The only thing better than a lengthy demo of a game people have been waiting nine years to play? Breaking it.
Turns out, escaping from Square’s big bad demo barrier is actually pretty easy. You just have to, er, get hit by a car. Observe, in this video from Based Squall:
After that, you can roam pretty far and find some rad (albeit unintended) secrets, like this giant goddamn dinosaur:
Meanwhile, if you’re in the mood to really hoof it, you can embark on a trek across land, sea and sky (that’s beneath the land — ahhh, glitches) to see an even more massive titan. Here’s a video of how to find that via moreuse:
All of this is exciting, I think. It’s like finding where your parents hide the Christmas presents and opening them early while also having bitchin’ hair that defies gravity and a running gait that will only ever look cool in a video game.

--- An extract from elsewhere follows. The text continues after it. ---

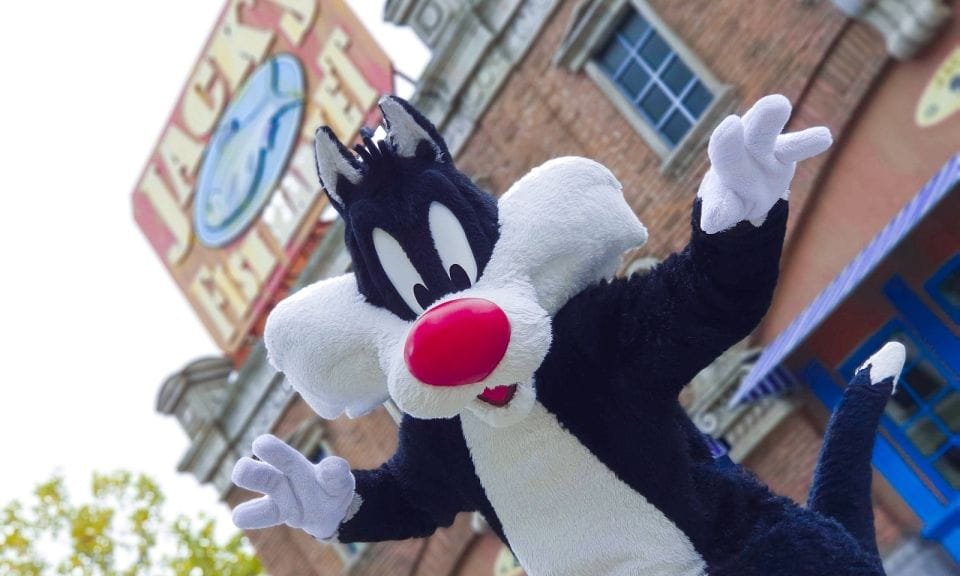 Madrid: Parque Warner Ticket and Roundtrip Transportation - Facility and Access Limitations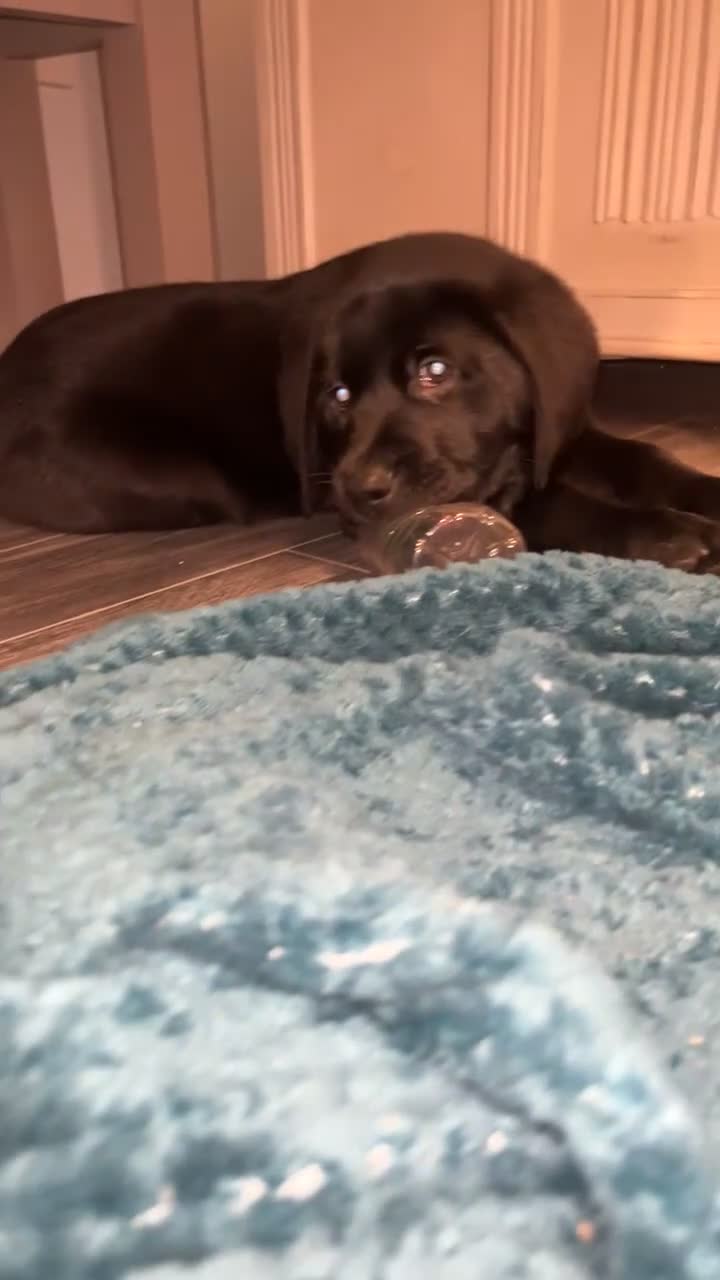 Labrador Retriever dogs for sale: READY NOW.Beautiful black KC registered Labradors  - Video 2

Have you broken Final Fantasy XV‘s demo or uncovered anything you don’t think Square wanted you to see just yet?
Comments
13 responses to “Final Fantasy XV Demo Players Are Finding Things They’re Not Supposed To”
Exciting in a horrible spoiler-fileld kind of way.
As someone who doesnt play Final Fantasy, why have people been waiting 9 years for this? Didnt a numbered final fantasy game come out around 2 years ogo?
It was announced in 2006, alongside FF-XIII if I recall correctly.
Because this was announced way back then as FF Versus 13.
Nothing but re-releases in the last few years.
XIV, which was multiplayer-only, came out in 2010 (5 years ago). XIII came out in 2009.
There was a re-release of XIV a couple of years ago, and there were XIII-2 and Lightning Returns, which were basically sequels to XIII. While XIII-2 was better received than XIII, none of them were all that well regarded. In a ranked list of all FF titles, all three games in the XIII series would be well down the list.
The last FF game that was met with broad approval was FFXII, in 2006. That’s how long we’ve been waiting for another good, single-player FF game.
[ Edit; originally I said XII was out in 2009. Thanks for topaz for the correction. ]
>The last FF game that was met with broad approval was FFXII, in 2009.
It was late 06/early 07 actually, and yes XII was the shizznit, I lived in Ivalice for months.
Wups, typo. Agreed; it was XIII that came out in 2009.
Will correct my post, but putting this reply in here so people know you’re responding to a real error.
The XIII series wasn’t all that well regarded in the west. From what I remember, FFXIII and its sequels scored pretty well in Japan. The XIII series was either a hate it or love it type of thing — I personally loved it. Lightning returns was easily the best one of the three games (for me anyways).
I liked XIII, also XIII-2 (although I hated the ending) and never really got into Lightning Returns; the timer mechanic threw me off. (I know there are ways of rewinding it, but I hate having to be aware of every second that I pause while playing.)
I hadn’t realised XIII was so well regarded in Japan – apparently it got a 39/40 in Famitsu and XIII-2 got a perfect score. I think that’s overrating them, but my criteria are probably not their criteria…
I played the everliving shit out of lightning returns to the point where I could finish pretty much the entire game on the first day, there were a few story branches and side quests that required certain days and times not available on the first day but everything else was fair game with timestop abuse and behemoth farming to restore that resource that let you cast it again. I can’t actually say the game was good but I did enjoy it thoroughly. Upon second playthrough of the original 13, I would say it was the superior of the 3 even though, overall they weren’t actually that good.
Lightning returns didn’t have the best story (nothing groundbreaking or insane) but the battle mechanics were awesome. Overall, I did think that it was a great way to end the whole series. I know this totally sounds weird but the ultimate reason why I love lightning returns is the philosophy tied to the actions that follow lightning through the game, particularly through the quests — even though they weren’t of great variety in what you did, what ideas that was imparted through the circumstance of the characters in such quests, I found to be incredibly profound. Quests like the one about the girl who sold her tears, it was some profound stuff and I found it a bold move for the game to explore such ideas at all but the nature of the world setting allows a fluent way of exploring and imparting profound and philosophical ideas like that. Suffice to say, I liked — no, loved, that aspect of the game very much. I don’t know if the game is good or not, I can’t find myself to view the game in that sort of light but just like you, I enjoyed it thoroughly. Personally, what held my interest in the XIII series was the themes the stories revolved around. Anyways I’m done babbling about the game hahah ^_^”
bah, hit the wrong button
14 was an MMO on PC. Technically 13-2 and 13-3 also come out during that timeframe too.